Techniques for using Hirpdag to maximize effectiveness.

Referential Transparency

Hirpdag objects should generally be designed to have referential transparency.

Objects which are identical should not have different meanings in a different context/environment.

Common Normalization

Hirpdag objects should apply normalization to increase the effectiveness of hashconsing.

Normalization is important for pointer inequality to correspond with semantic inequality. Fast pointer equality based comparisons is one of the key features hash consing provides. Without good normalization, deeper comparisons are needed and the pointer equality benefit of hashconsing is lost.

Order Normalization

y+x x+y

Sort commutative operands. Prefer flatter expression trees to make this easier.

Semantic Normalization

x+x 2*x

Structuring for Persistence and Normalization

The structure of Hirpdag objects can have a big impact on the effectiveness of normalization and persistence.

Prefer Flatter Structures

Consider:

A=a+b+d+e

As a binary tree (before normalization) it might look like:

a=b=sum(a, sum(b, sum(d, e)))
a=b=sum(sum(a, b), sum(d, e))
a=b=sum(sum(sum(a, b), d), e)

With a binary tree representation, the first question is: which of these semantically equivalent structures is the normalized form?

Consider:

B=a+d+b+e

As a binary tree (before normalization) it might look like:

B=Sum(Sum(a, d), Sum(b, e))

B is semantically equivalent to A, and should normalize to the same thing. In this case, the order of the operands needs to change.

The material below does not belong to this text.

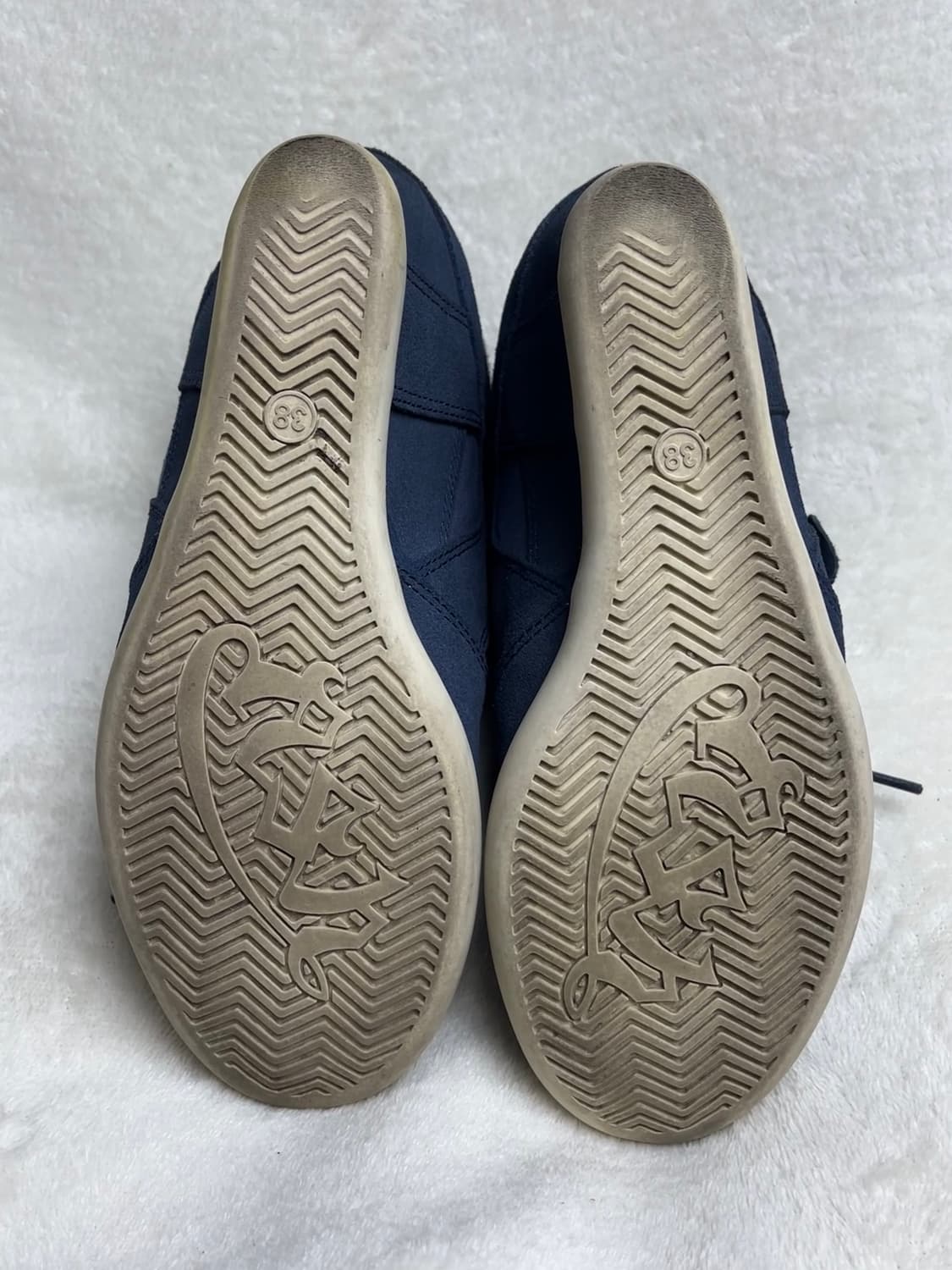 [38] 아쉬 하이탑 웨지 스니커즈 || 240-245 상품이미지5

With a binary tree representation, the second question is: what is necessary to normalized the operand order? Traversing the existing tree is necessary to gather these operands for sorting. Performance wise, this is similar to traversing a linked list (i.e: bad).

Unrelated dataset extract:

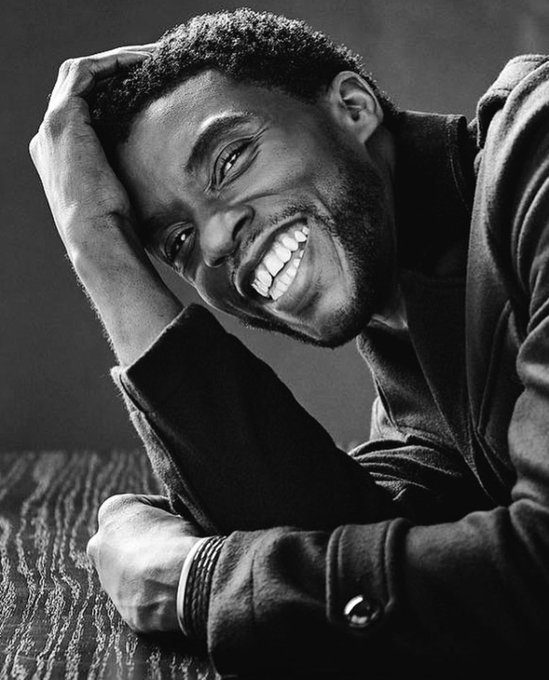 Décès de l'acteur Chadwick Boseman Image359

As a n-ary tree: A=Sum(a, b, d, e)

More contiguous. Easier to sort. Easier to traverse. Easier to construct. Easier to normalize (just sort).

When used as a persistent data structure, this means changing one n-ary Sum object rather than several binary Sum objects.

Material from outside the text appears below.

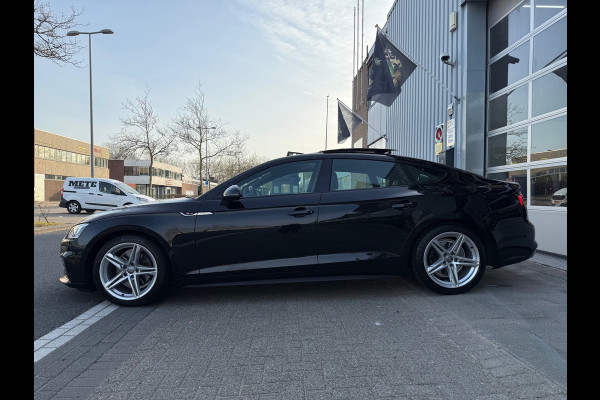 Audi A5 Sportback 35 TFSI 2x S-Line PDC/LED/LM18/H-LEER/NAVI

In general, if a Hirpdag object can refer to other Hirpdag objects of the same type and ordering is not important, this suggests you should consider changing their structure to combine them into one flattened Hirpdag object.

Not too big, not too small

If a Hirpdag object has too much information, deduplication opportunities will be unlikely.

If a Hirpdag object has too little information, encoding a useful piece of information will require many objects. This will have a negative impact on performance due to:

Worse memory access patterns chasing pointers (like a linked list).
More time spent allocating/deallocating.

Consider which fields may be large (e.g. a vector field may grow large). Consider which fields will need to mutate together.

Encoding Graphs

If the graph to store is acyclic, it could be directly constructed.

If the nodes or edges carry some information, they should likely be separate nodes. This makes the graph better for persistence.

An adjacency list or edge list can encode the graph structure itself.

type NodeIndex = u32;

struct Node {
  name: String,
}

struct Graph {
  nodes: Vec<Node>,
  edges: Vec<(NodeIndex, NodeIndex)>, // Sorted
}